■ **Work item**
Write out each line of the material below exactly as given.

■ **Dataset extract**
****************************************

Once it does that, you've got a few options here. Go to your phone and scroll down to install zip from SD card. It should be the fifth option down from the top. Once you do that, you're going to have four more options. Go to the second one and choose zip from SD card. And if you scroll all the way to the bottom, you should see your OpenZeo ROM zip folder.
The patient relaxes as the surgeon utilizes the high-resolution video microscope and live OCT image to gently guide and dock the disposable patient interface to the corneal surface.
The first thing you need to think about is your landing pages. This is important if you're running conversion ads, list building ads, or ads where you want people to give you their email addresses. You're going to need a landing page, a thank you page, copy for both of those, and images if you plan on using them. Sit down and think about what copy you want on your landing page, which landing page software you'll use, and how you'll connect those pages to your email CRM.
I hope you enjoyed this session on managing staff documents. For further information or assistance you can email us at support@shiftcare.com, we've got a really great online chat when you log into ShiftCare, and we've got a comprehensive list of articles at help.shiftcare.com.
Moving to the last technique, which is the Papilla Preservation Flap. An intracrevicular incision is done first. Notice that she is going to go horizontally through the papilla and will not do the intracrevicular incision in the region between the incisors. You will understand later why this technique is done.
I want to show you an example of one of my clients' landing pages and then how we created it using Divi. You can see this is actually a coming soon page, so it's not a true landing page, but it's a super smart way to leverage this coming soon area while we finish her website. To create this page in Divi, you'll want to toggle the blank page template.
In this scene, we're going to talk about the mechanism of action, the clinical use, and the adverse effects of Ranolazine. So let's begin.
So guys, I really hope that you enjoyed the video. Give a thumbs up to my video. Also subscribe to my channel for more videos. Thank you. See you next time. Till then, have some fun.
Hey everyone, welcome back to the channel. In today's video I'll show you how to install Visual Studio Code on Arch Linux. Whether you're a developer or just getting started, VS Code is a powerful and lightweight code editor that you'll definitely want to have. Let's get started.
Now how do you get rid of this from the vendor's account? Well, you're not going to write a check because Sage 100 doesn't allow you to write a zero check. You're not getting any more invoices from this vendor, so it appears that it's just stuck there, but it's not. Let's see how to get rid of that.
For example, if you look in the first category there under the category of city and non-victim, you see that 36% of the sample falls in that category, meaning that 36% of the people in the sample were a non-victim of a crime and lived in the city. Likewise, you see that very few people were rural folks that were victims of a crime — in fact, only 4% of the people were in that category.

****************************************

■ **Reply to the task**
Once it does that, you've got a few options here. Go to your phone and scroll down to install zip from SD card. It should be the fifth option down from the top. Once you do that, you're going to have four more options. Go to the second one and choose zip from SD card. And if you scroll all the way to the bottom, you should see your OpenZeo ROM zip folder.
The patient relaxes as the surgeon utilizes the high-resolution video microscope and live OCT image to gently guide and dock the disposable patient interface to the corneal surface.
The first thing you need to think about is your landing pages. This is important if you're running conversion ads, list building ads, or ads where you want people to give you their email addresses. You're going to need a landing page, a thank you page, copy for both of those, and images if you plan on using them. Sit down and think about what copy you want on your landing page, which landing page software you'll use, and how you'll connect those pages to your email CRM.
I hope you enjoyed this session on managing staff documents. For further information or assistance you can email us at support@shiftcare.com, we've got a really great online chat when you log into ShiftCare, and we've got a comprehensive list of articles at help.shiftcare.com.
Moving to the last technique, which is the Papilla Preservation Flap. An intracrevicular incision is done first. Notice that she is going to go horizontally through the papilla and will not do the intracrevicular incision in the region between the incisors. You will understand later why this technique is done.
I want to show you an example of one of my clients' landing pages and then how we created it using Divi. You can see this is actually a coming soon page, so it's not a true landing page, but it's a super smart way to leverage this coming soon area while we finish her website. To create this page in Divi, you'll want to toggle the blank page template.
In this scene, we're going to talk about the mechanism of action, the clinical use, and the adverse effects of Ranolazine. So let's begin.
So guys, I really hope that you enjoyed the video. Give a thumbs up to my video. Also subscribe to my channel for more videos. Thank you. See you next time. Till then, have some fun.
Hey everyone, welcome back to the channel. In today's video I'll show you how to install Visual Studio Code on Arch Linux. Whether you're a developer or just getting started, VS Code is a powerful and lightweight code editor that you'll definitely want to have. Let's get started.
Now how do you get rid of this from the vendor's account? Well, you're not going to write a check because Sage 100 doesn't allow you to write a zero check. You're not getting any more invoices from this vendor, so it appears that it's just stuck there, but it's not. Let's see how to get rid of that.
For example, if you look in the first category there under the category of city and non-victim, you see that 36% of the sample falls in that category, meaning that 36% of the people in the sample were a non-victim of a crime and lived in the city. Likewise, you see that very few people were rural folks that were victims of a crime — in fact, only 4% of the people were in that category.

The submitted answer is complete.